Chamava-se Oscar. Todos os dias, acordava cedo, já estressado, para ir trabalhar nas suas coisas de engenharia. Comia mal com tanta responsabilidade, mas ao fim do dia, quando chegava a tempo de ir buscar o filho mais velho à paragem de autocarro, sentia-se feliz e realizado. Ganhava bem, tinha uma família bonita, o esforço valia a pena.
Um dia, o governo e a gente de poder decidiram zangar-se uns com os outros. Não como as zangas de crianças, do “não falo mais contigo”. Zangas de gente com dinheiro, com ganância, que não se contenta em chegar a casa e jantar a ouvir as histórias da mulher, as primeiras palavras da filha pequena, a ler um livro nos 10 minutos de sossego que tem antes de ir dormir.
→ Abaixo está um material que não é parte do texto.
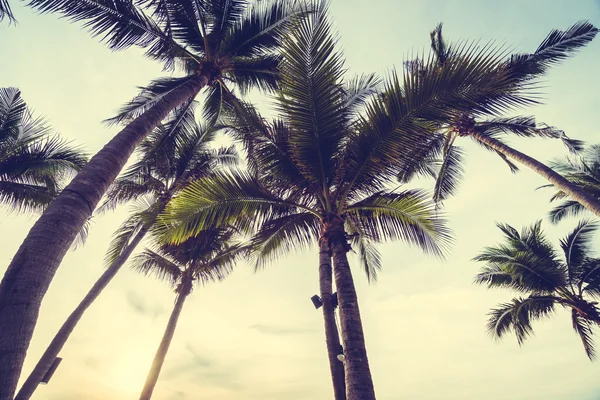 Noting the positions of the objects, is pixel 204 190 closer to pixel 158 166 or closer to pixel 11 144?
pixel 158 166

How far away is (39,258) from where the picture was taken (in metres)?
3.09

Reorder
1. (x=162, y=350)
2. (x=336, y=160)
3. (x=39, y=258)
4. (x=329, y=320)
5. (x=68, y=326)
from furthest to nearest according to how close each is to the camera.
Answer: (x=162, y=350) < (x=68, y=326) < (x=329, y=320) < (x=336, y=160) < (x=39, y=258)

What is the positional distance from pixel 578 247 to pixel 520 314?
12.8 feet

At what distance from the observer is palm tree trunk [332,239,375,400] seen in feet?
14.4

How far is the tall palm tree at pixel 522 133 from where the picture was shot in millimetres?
8969

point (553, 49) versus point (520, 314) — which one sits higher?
point (553, 49)

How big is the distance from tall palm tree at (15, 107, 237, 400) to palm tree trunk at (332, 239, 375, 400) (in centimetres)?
585

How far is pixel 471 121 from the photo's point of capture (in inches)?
444

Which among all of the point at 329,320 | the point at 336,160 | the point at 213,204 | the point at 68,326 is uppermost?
the point at 336,160

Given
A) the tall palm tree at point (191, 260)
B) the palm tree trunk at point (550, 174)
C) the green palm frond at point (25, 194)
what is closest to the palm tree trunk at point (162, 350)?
the tall palm tree at point (191, 260)

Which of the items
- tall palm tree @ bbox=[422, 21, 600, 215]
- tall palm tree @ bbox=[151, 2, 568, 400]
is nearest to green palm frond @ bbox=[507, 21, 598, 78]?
tall palm tree @ bbox=[422, 21, 600, 215]

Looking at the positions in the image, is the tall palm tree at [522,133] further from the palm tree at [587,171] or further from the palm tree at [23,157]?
the palm tree at [23,157]

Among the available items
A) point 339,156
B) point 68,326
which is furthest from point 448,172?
point 68,326

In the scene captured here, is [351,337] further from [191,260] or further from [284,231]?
[191,260] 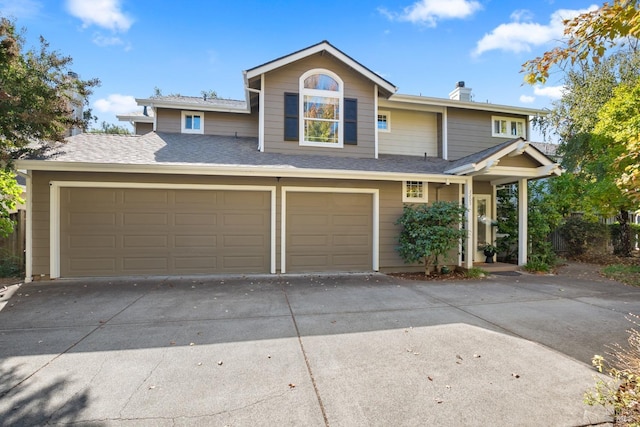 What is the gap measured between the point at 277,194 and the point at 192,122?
4.98m

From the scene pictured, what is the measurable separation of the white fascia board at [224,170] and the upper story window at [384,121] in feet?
9.61

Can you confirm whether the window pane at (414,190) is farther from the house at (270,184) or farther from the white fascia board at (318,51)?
the white fascia board at (318,51)

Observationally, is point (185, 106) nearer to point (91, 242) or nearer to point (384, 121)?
point (91, 242)

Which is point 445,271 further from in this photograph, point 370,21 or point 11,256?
point 11,256

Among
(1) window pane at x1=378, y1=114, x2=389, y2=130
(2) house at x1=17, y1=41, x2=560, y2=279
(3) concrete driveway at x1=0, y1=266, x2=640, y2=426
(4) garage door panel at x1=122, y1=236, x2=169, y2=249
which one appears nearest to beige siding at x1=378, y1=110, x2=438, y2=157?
(2) house at x1=17, y1=41, x2=560, y2=279

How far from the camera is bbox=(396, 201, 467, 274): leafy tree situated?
7789mm

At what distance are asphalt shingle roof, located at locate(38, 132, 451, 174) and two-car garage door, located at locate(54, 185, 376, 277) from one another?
736 mm

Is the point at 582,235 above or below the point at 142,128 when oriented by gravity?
below

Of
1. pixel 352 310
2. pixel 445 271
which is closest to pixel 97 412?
pixel 352 310

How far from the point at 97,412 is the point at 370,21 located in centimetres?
1082

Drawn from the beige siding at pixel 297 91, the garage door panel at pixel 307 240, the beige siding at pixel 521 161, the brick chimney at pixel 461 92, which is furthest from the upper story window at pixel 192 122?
the brick chimney at pixel 461 92

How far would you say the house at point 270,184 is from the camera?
7242mm

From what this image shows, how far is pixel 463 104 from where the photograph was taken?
10477 mm

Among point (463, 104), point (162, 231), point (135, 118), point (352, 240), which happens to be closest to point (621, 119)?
point (463, 104) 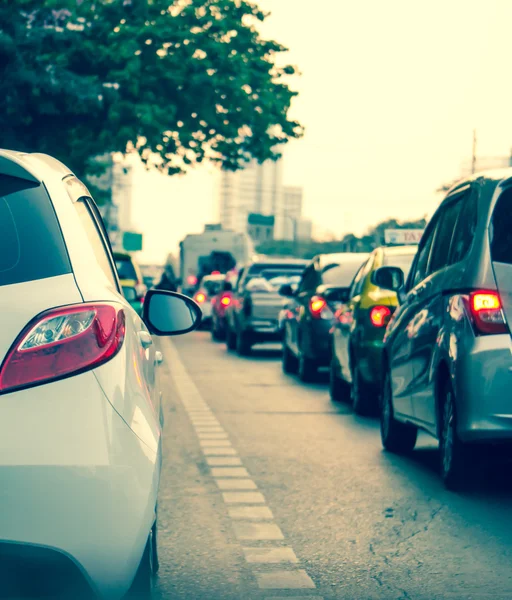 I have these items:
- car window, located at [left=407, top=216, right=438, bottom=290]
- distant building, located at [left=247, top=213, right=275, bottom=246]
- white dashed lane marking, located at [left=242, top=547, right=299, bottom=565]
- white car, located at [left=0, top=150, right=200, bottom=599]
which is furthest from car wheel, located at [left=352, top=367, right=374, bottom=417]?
distant building, located at [left=247, top=213, right=275, bottom=246]

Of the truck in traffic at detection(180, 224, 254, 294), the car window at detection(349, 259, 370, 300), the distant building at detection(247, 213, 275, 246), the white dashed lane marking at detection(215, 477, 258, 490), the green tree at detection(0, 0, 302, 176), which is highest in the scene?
the green tree at detection(0, 0, 302, 176)

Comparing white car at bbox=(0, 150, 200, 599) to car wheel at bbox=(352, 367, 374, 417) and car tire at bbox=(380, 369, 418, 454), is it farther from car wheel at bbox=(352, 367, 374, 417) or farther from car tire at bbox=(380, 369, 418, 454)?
car wheel at bbox=(352, 367, 374, 417)

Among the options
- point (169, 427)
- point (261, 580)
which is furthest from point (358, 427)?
point (261, 580)

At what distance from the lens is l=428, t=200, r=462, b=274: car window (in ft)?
28.9

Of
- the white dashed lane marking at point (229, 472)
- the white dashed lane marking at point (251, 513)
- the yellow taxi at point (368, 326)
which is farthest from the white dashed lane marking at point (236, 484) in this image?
the yellow taxi at point (368, 326)

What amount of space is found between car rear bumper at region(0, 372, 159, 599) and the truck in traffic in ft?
175

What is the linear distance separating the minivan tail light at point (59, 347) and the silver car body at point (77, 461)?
2cm

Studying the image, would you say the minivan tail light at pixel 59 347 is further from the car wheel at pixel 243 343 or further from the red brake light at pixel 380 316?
the car wheel at pixel 243 343

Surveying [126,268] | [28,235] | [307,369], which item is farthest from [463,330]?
[126,268]

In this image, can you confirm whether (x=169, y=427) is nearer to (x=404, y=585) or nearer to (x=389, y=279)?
(x=389, y=279)

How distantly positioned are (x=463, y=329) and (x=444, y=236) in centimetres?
138

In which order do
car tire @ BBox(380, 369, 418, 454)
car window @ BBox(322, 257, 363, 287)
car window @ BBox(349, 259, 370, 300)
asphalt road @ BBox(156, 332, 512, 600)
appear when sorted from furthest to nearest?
car window @ BBox(322, 257, 363, 287), car window @ BBox(349, 259, 370, 300), car tire @ BBox(380, 369, 418, 454), asphalt road @ BBox(156, 332, 512, 600)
As zangas desta gente que quer mais a todo o custo, leva esse custo a outras vidas. À do Oscar, por exemplo. Que nunca se meteu com ninguém, que cresceu na vida e criou um lar próspero e feliz com as próprias mãos, sem passar por cima de ninguém. As zangas por quererem um pedaço de terra, um mundo mais de submissão, levou a que a vida do Oscar se fosse desmoronando. Pouco a pouco, de início. Com choque, espanto. Mas depois com medo, pânico, corpos onde não deviam estar.
O Oscar gostava muito da sua vida. Do seu trabalho, da sua televisão panorâmica, de ir andar de bicicleta com a família ao fim de semana, dos encontros com os amigos de longa data. Mas tinha medo. Medo de perder tudo isso por uma zanga que não era a sua. O número de corpos na estrada aumentava, ele não queria deixar-se perder. Pensou muito, desesperou muito.
Até que cedeu. O seu país já não era seu. As ruas onde andava de bicicleta estavam negras de sangue, ódio e medo. Não queria que a sua família crescesse assim, não queria temer pela suas vidas, não queria que lhe acontecesse o mesmo que ao seu vizinho com a casa incendiada.
Pensou muito, não foi de ânimo leve que se vestiram os quatro com uma mochila, cada um com o que lhes valia mais, à vida ou ao coração. Os quilómetros foram muitos, a fome, o medo, o viver escondido. Com o seu telefone podia ir descansando o resto da família que já estava noutras terras, podia ganhar coragem para também ele meter a sua família num barco do inferno.
Negociou. Esperou que o seu dia de sorte azarenta chegasse, que o chamassem. A meio da noite, meteu a sua família num barco super-lotado, num barco que se afundava ainda em terra. Entrou, com pânico por ele e pelos seus. Temeu tanto. O motor não dava conta de tanto peso de corpos, a escuridão não lhes indicava o caminho. Foi um Deus qualquer que o fez.
Chegaram a terra de outros. Com ajuda de corajosos que se atiraram à água por eles, por salvarem mais um colete com vida. Pisaram a terra escorregadia, os olhos dos seus filhos já tinham visto demais para poderem reagir. Não sabia o que os esperava para além daquela praia. Mas ao menos aí, na praia, receberam um sorriso, um abraço e uma manta quente. Ao menos, nessa praia, receberam um pouco de esperança.